Pengaruh pandangan positivisme ini juga sangat kentara dalam pandangan Sigmun Freud (w. 1939), seorang dokter dan perintis psikoanalisa. Dalam bukunya The Future of an Illution, Freud memandang agama sebagai ilusi. Eric Fromm, menjelaskan bahwa "bagi Freud agama berasal dari ketidak-berdayaan manusia dalam mengahadapi daya-daya dari alam luar dan daya imaginatif dari dalam dirinya. Agama muncul pada tahap awal perkembangan manusia ketika ia belum lagi menggunakan akalnya untuk menghadapi daya-daya eksternal dan internal ini dan harus menekan atau mengendalikan mereka dengan bantuan dari kekuatan lain yang efektif. Jadi, alih-alih menanggulangi daya-daya tadi dengan akal, ia mengatasinya dengan "counter affects," yakni dengan daya-daya emosional yang fungsinya adalah untuk menekan dan mengandalikan apa yang tidak sanggup ia hadapi secara rasional." Nah, kalau agama dipandang sebagai ilusi, maka sudah barang tentu keper-cayaan-kepercayaan agama terhadap yang ghaib (realitas-realitas metafisik), seperti Tuhan, malaikat, ruh dan hari akhir, dengan sendirinya juga ilusi. Hal seperti itu jugalah yang menjadi pandangan Emile Durkheim (w. 1917), seorang fiolosof dan sosiolog Perancis. Dalam karya-karyanya ia memandang agama sebagai proyeksi nilai-nilai sosial, sedangkan Tuhan tidak lain daripada Masyarakat (Society) itu sendiri, dan bukan sebuah entitas metafisika yang personal, seperti yang kita yakini.
Serangan terhadap metafisika juga akan berdampak pada sistem epistimilogi Islam, terutama dalam kaitannya dengan sumber ilmu pengetahuan. Dengan ditolaknya dunia metafisik, maka satu-satunya sumber dari ilmu pengatahuan bagi kaum positivis adalah pengalaman, atau dengan kata lain indera. Mereka tidak percaya pada sumber lain, yang menempati posisi penting dalam epistimilogi Islam, yaitu akal, intuisi dan wahyu. Laplace pernah mengatakan: "I mistrust anything but the direct result of observation and calculation." Jadi dengan begitu mereka tidak mempercayai wahyu dan juga "pengalaman mistik" sebagai salah satu sumber ilmu pengetahuan. Padahal dalam tradisi epistimologi Islam, ketiga sumber ilmu pengetahuan tersebut yang oleh Mulla Shadra (w. 1050/1640), seorang filosof besar Muslim abad ketujuh belas, disebut masing-masing sebagai "burhan, irfan dan Qur'an," diakui sebagai sumber-sumber ilmu yang sah sebagaimana hanya indera.

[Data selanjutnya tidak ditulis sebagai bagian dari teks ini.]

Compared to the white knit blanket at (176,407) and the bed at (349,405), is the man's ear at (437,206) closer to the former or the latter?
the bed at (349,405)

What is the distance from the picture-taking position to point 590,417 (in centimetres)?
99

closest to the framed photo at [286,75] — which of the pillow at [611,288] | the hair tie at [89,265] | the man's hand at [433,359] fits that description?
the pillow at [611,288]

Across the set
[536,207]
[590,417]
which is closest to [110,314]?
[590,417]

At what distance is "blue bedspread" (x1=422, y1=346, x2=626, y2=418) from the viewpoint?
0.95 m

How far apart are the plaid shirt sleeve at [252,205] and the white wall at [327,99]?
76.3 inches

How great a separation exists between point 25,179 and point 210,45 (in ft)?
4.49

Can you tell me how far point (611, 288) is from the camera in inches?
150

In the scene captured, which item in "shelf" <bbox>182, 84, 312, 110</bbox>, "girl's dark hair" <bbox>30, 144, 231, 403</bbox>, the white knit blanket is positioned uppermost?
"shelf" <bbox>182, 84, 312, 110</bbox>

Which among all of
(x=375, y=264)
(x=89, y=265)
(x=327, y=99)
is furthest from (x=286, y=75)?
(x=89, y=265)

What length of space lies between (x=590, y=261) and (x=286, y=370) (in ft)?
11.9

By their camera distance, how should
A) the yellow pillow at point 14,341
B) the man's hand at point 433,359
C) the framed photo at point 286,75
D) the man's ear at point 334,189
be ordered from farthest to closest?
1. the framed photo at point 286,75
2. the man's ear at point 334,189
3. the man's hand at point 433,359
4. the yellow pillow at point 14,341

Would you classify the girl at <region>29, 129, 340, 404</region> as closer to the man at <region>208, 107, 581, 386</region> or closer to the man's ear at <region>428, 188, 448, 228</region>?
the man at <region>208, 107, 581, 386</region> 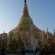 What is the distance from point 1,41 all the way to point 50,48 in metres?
6.81

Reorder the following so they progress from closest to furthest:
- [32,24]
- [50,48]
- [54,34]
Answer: [50,48] < [54,34] < [32,24]

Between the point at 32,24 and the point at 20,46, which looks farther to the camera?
the point at 32,24

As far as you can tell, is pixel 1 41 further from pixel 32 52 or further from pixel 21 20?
pixel 21 20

Kaum positivis, karena itu, hanya mengakui indera (melalui observasi) sebagai satu-satunya sumber ilmu yang sah dan dapat dipercaya. Sumber-sumber ilmu penge- tahuan yang lain, seperti wahyu dan intusi, tidak dapat dipercaya karena tidak berpijak pada realitas tapi pada ilusi manusia. Alasan mereka mengatakan begitu adalah karena wahyu dan pengalaman mistik selalu mengandaikan adanya hubungan yang erat dengan dunia metafisik, sehingga validitasnya tergantung pada status eksisitensi (ontologis) dunia metafisik itu sendiri. Sekali eksistensi dunia metafisk ditolak, maka validitas sumber-sumber ilmu yang bergantung padanya akan tertolak dengan sendirinya. Karena wahyu dan pengalaman mistik memang begitu sifatnya, maka validitas mereka hanya bisa dipertahankan apabila kita mengafirmasi status ontologis realitas-realitas metafisik tersebut. Sekali realitas-realitas itu ditolak keberadaannya, maka kemungkinan wahyu dan pengalaman mistik yang disandarkan padanya dengan sendirinya tertolak dan tidak punya pijakan logisnya. Padahal kita tahu apa yang akan terjadi kalau wahyu (dalam hal ini al-Qur'an) ditolak sebagai sumber ilmu yang sah, maka seluruh sistem kepercayaan, teologis, dan mistiko-filosofis Islam akan runtuh. Inilah menurut saya tantangan filosofis kontemporer yang amat serius dari pemikiran positivis Barat terhadap sistem epistimologi Islam, terhadap mana kita sebagai kaum intelektual Muslim "wajib" memberikan respons filosofis yang sebanding, bahkan lebih baik dan meyakinkan daripada argumen-argumen mereka.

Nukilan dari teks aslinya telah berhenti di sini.